◆ **Source material**:
—————

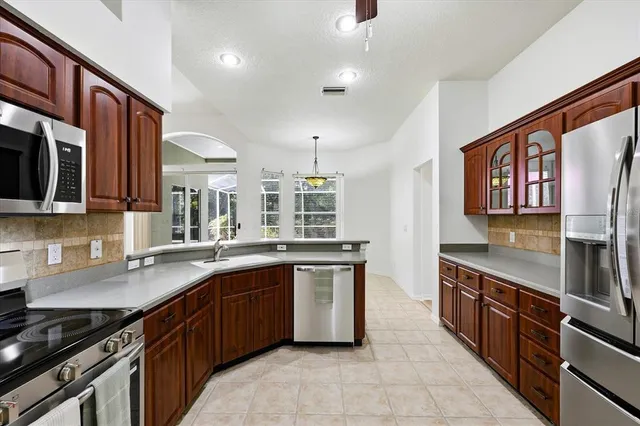 a kitchen with stainless steel appliances granite countertop a stove sink and cabinets
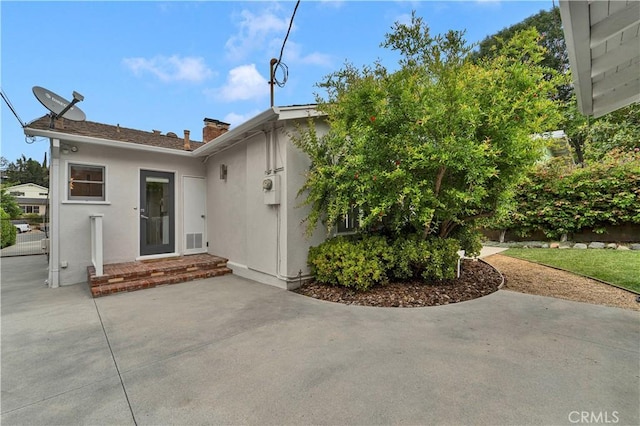 21820 Dumetz Rd, Woodland Hills, CA 91364 - view of front of home with a patio, stucco siding, and a chimney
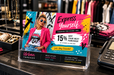 A printed retail display card for Urban Threads in a clear acrylic holder on a store counter, featuring a model in a pink blazer with 'Express Yourself' text, printed by Clubcard Palm Springs on 12pt 100% recycled fibers stock with full color detail.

—————

◆ **Description of the task**: Please reprint the whole listing exactly and omit its pictures.

◆ **Result**:
 a kitchen with stainless steel appliances granite countertop a stove sink and cabinets
 21820 Dumetz Rd, Woodland Hills, CA 91364 - view of front of home with a patio, stucco siding, and a chimney
 A printed retail display card for Urban Threads in a clear acrylic holder on a store counter, featuring a model in a pink blazer with 'Express Yourself' text, printed by Clubcard Palm Springs on 12pt 100% recycled fibers stock with full color detail.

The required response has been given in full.